Et à un autre d'ajouter: « quand les policiers sont devant nous, on est contraint de respecter la mesure. Après, on profite de combler les vides aux prochaines stations. Si on ne triche pas de cette manière, on ne s'en sortira pas, déjà qu'il n'y a plus assez de gens aux arrêts de bus. »

Par ailleurs, soulignons que, les usagers qui sont censés contribuer au respect des mesures prises par l'autorité municipale ne s'inquiètent visiblement pas de contracter cette pandémie on se comprimant dans ces moyens de transport.

Abordée, Anne, une jeune fonctionnaire s'explique : « certes, il y a la maladie mais cette mesure ne tient pas en compte de notre réalité. Habituellement, le déplacement est difficile.
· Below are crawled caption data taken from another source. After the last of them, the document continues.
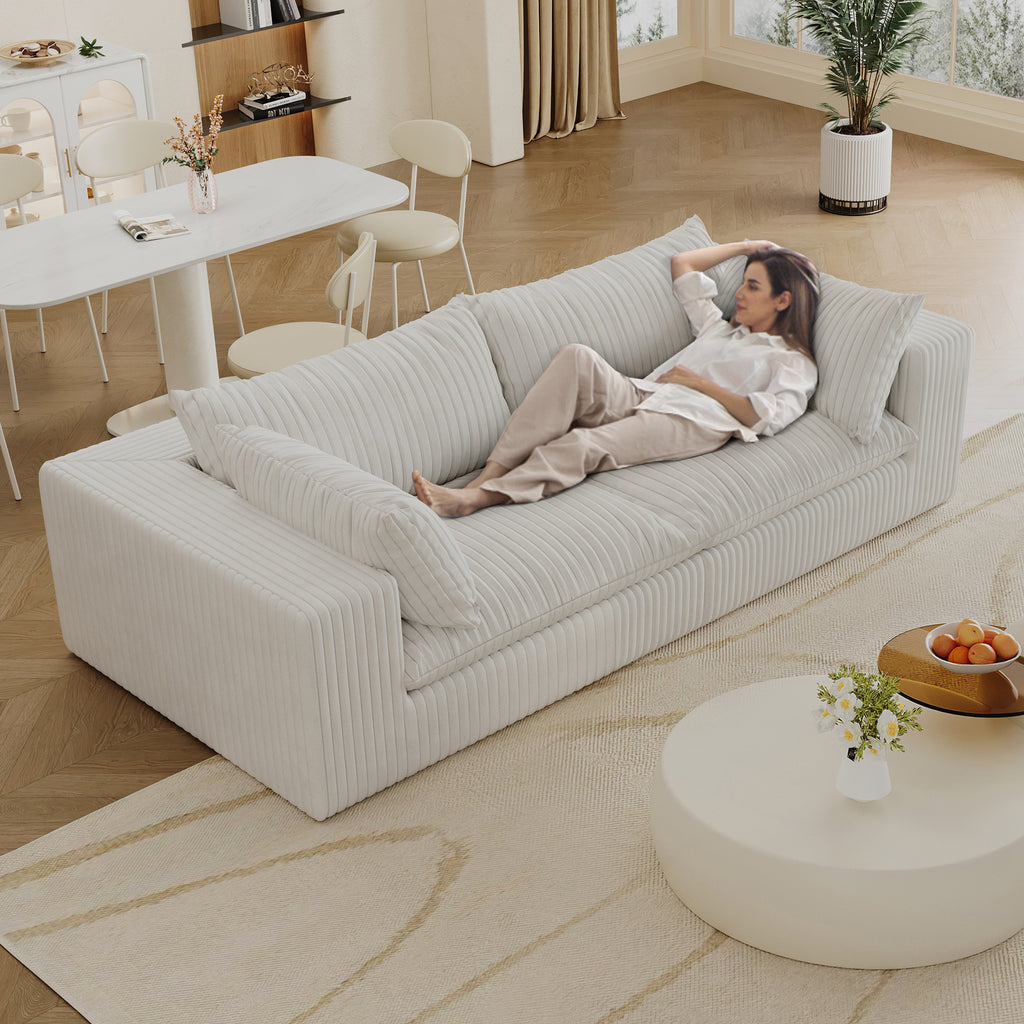 Y137 2-Seat Sofa, White Fabric with Feather-Filled Cushions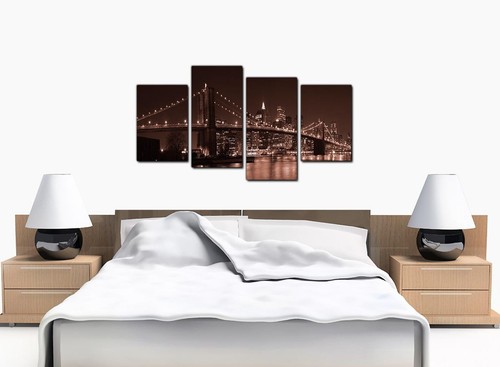 Large Brown New York Canvas Wall Art Pictures Manhattan Brooklyn 4122 - Picture 7 of 9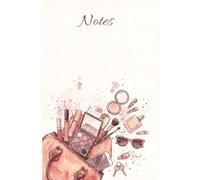 Notes: Makeup & Cosmetic Journal, 110 Ruled Pages. Fun Composition Diary for High School, College Girls, and Women Cute Cosmetics Watercolor Journal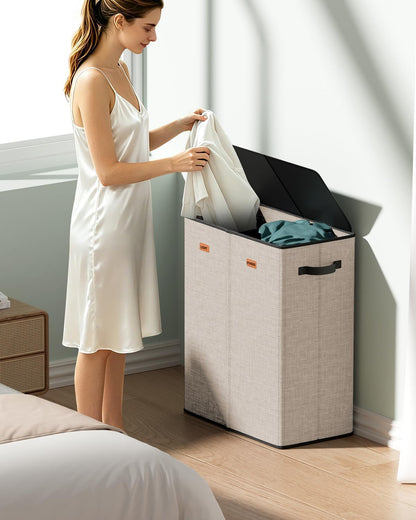150L 2-Section Laundry Hamper with Lid – Removable Bag, Double Compartment Clothes Hamper for Bathroom, Bedroom, Dorm & Laundry Room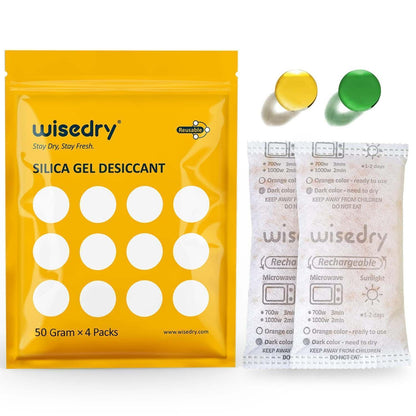 Silicagel Trockenmittel 50g (4er Pack) mit Feuchtigkeitsanzeige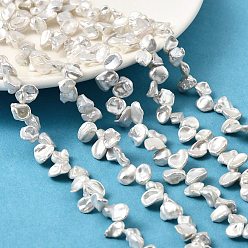 Снежный Натуральный жемчуг в стиле барокко кеши, культивированный пресноводный жемчуг, самородки, Топ пробуренной, класс 8а++, снег, 6~10x6~8x4~6 мм, отверстие : 0.5 мм, около 76~79 шт / нитка, 15.16~15.55'' (38.5~39.5 см)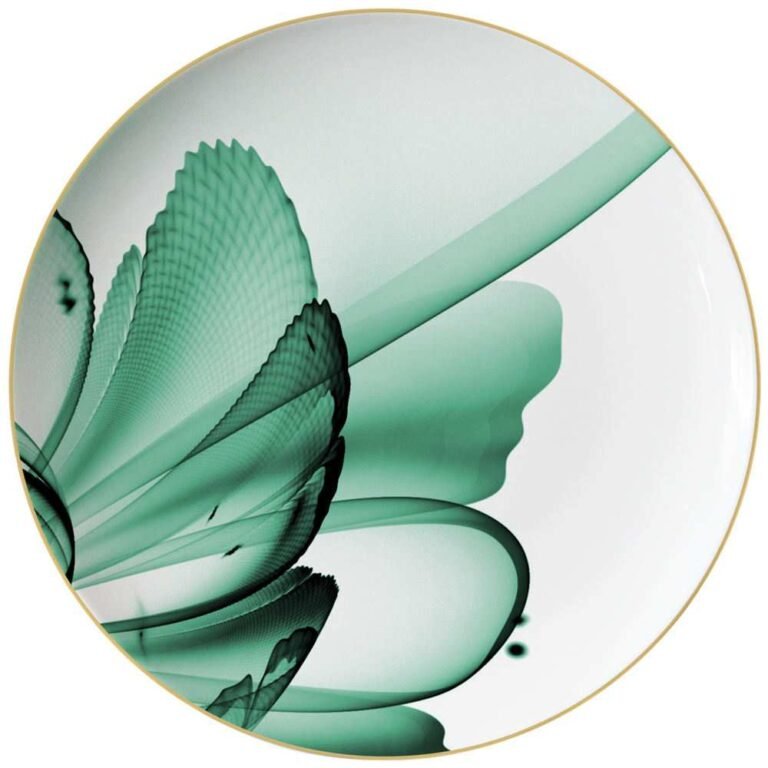 Luxury Green Mist Fantasy Flower Gold-Rimmed Bone China Dinnerware Set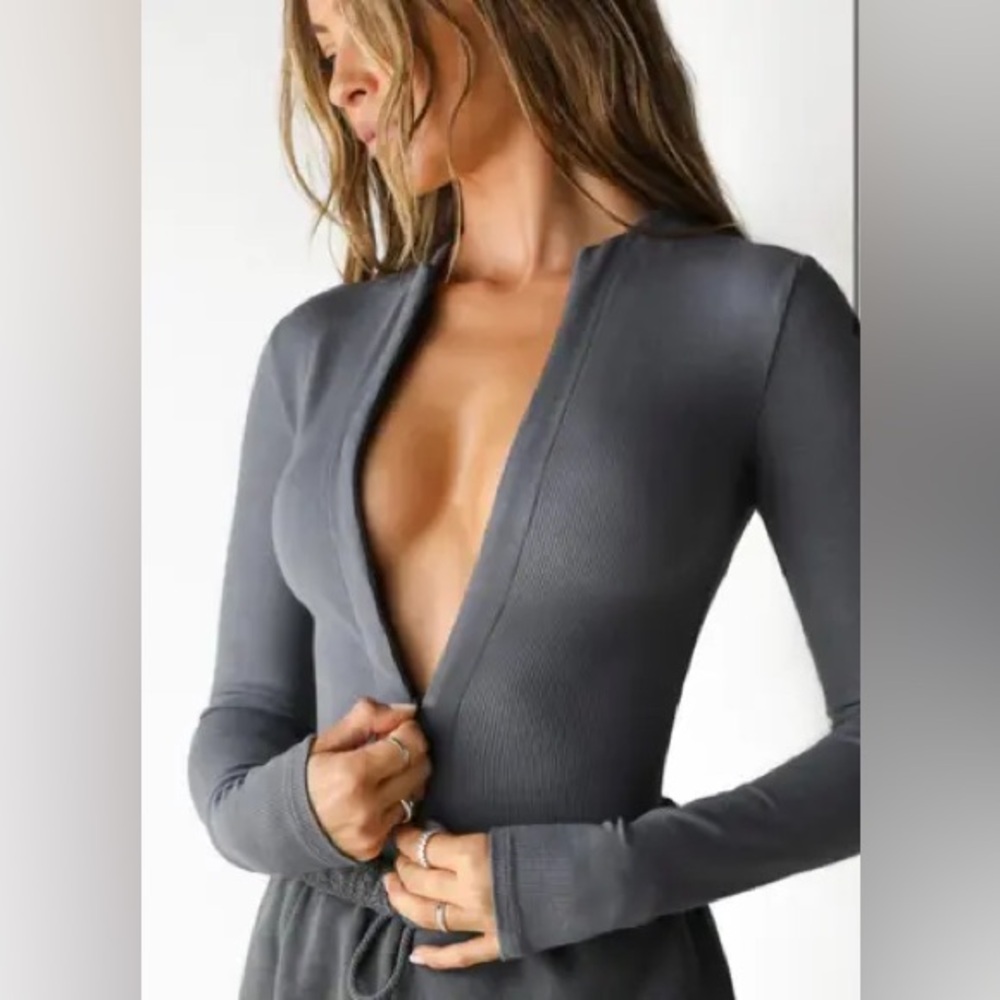 Joah Brown Invisible Zip Long Sleeve Vintage Navy Size S/M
A cause de cette maladie, un bus qui prennait dix-huit personnes ne devra embarquer plus que dix, imaginez les conséquences », « qu'on nous demande de rester à la maison jusqu'à ce que la situation sera sous contrôle. », a lancé une autre dame en attente d'un bus au marché de Talangaï.

Rappelons qu'après l'annonce du quatrième cas de contamination de coronavirus dans le pays, le problème de transport en commun était l'objet d'un débat et de nombreuses personnes étaient inquiètes quant à la promiscuité et du risque de contamination.

Pour ralentir la diffusion du Covid-19, le gouvernement a exigé la population à respecter un certain nombre de mesures, notamment celle d'un mètre d'écart entre les individus. C'est pour accompagner cette mesure gouvernementale que la mairie de la ville de Brazzaville a, entre autres pris cette mesure qui peine à s'appliquer.

Les services se sécurité devront se déployer davantage sur le terrain pour veiller aux respects de ces directives.